Quatar, l’astro nascente del Golfo Persico

 

Fra le aree più promettenti, ci sono il Vietnam, l’Indonesia e il Bangladesh, centri di nuova industrializzazione manifatturiera a basso costo e fortemente orientati all’export. Le previsioni di crescita del Pil per quest’anno sono del 6,2% per tutti e tre i paesi, mentre per i prossimi quattro anni, se tutto va bene, dovrebbero superare mediamente il 7% a fronte di un tasso di disoccupazione che si attesta intorno al 5%. Unico problema, l’inflazione che supera abbondantemente il 10%, ragion per cui si consiglia di investire direttamente in obbligazioni denominate in dollari o tramite fondi specializzati. Ma la perla di queste nuove aree di frontiera è il Quatar (rating Standard & Poor’s AA). Nel 2011 il Pil dovrebbe registrare una crescita del 19% con una media di salita del 13% negli ultimi 10 anni.

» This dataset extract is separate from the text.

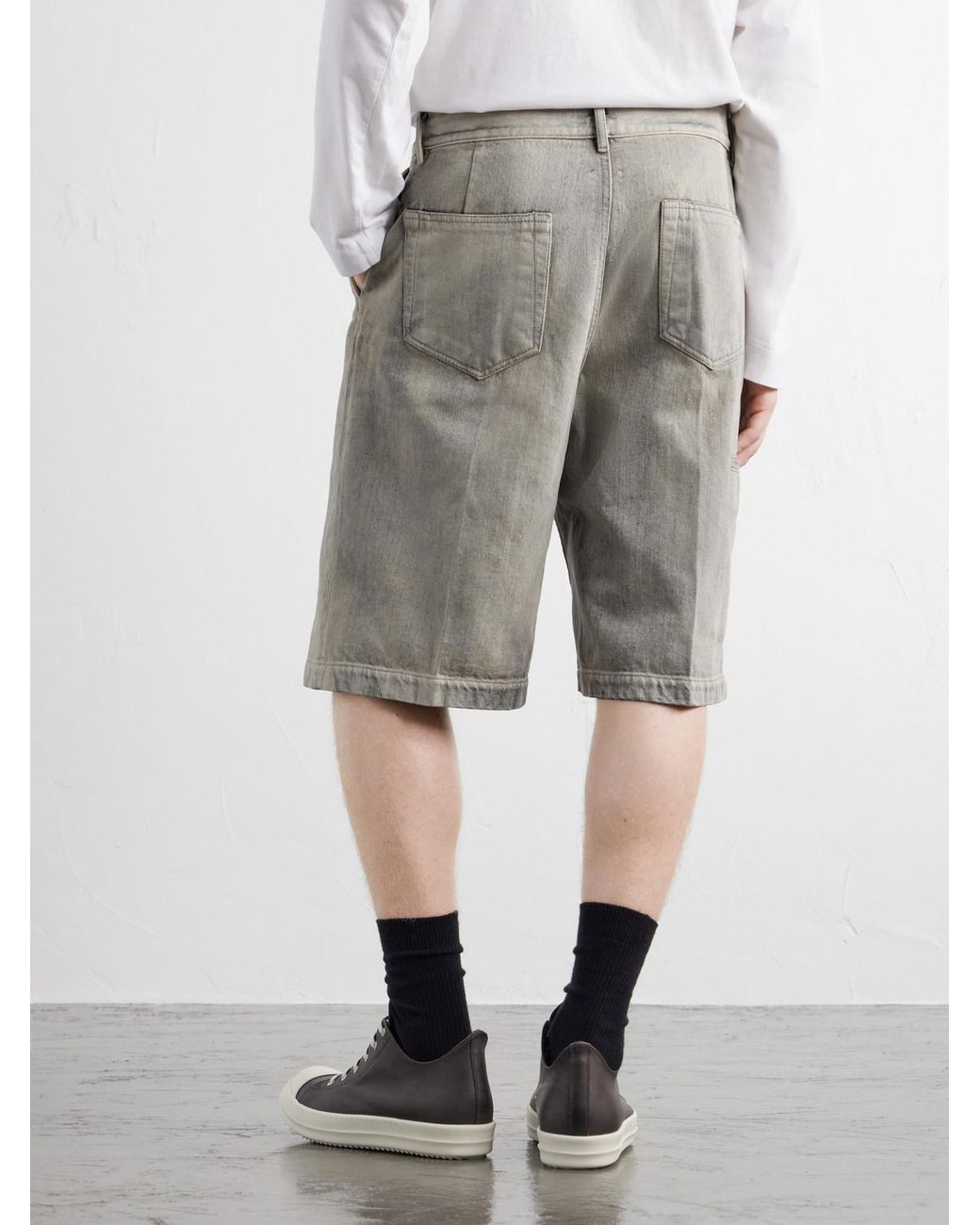 Rick Owens Gray Work Straight-Leg Denim Shorts for men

Se a questo paese si aggiunge un’inflazione poco superiore al 4% e un debito/Pil che in Europa ci si sogna (13,5%), il quadro è perfetto. Il driver di crescita di questo stato di appena 1,7 milioni di abitanti sono l’ampia disponibilità di combustibili fossili e l’aumento della spesa pubblica connesso al piano di sviluppo nazionale. Per il futuro gli esperti prevedono un rallentamento della crescita dovuta al calo volontario della produzione di gas naturale, ma il piccolo emirato arabo potrà sempre sfoggiare una crescita costante del prodotto interno lordo di oltre il 6%, secondo le previsioni più pessimistiche. Fra i titoli obbligazionari più promettenti, segnaliamo la società energetica Qatar Gas Transpor 6,07% 2033 (Isin: USY62014AA64) da 850 milioni di dollari che rende 5,5% a scadenza o il Qatari Diar Finance 5% 2020 (Isin: XS0527351653) da 2.500 milioni di dollari che rende il 4,25% colosso attivo nel settore immobiliare e delle costruzioni. Fra i titoli di stato, evidenziamo il bond più corposo (vedi grafico a fianco) presente sul mercato da 3,5 di dollari Qatar 4% 01/2015 (Isin: XS0468466486) che rende il 2,7% a scadenza. Subito dietro al Quatar, gli economisti hanno individuato il Kazakistan che grazie all’aumento del prezzo del petrolio, dell’oro e degli investimenti pubblici, ha messo a segno nel 2011 una crescita dell’8,5%. Percentuale destinata a scendere nei prossimi anni, ma comunque a rimanere sostenuta per via del basso tasso di disoccupazione (+5%) e grazie al rapporto debito/Pil intorno al 13%.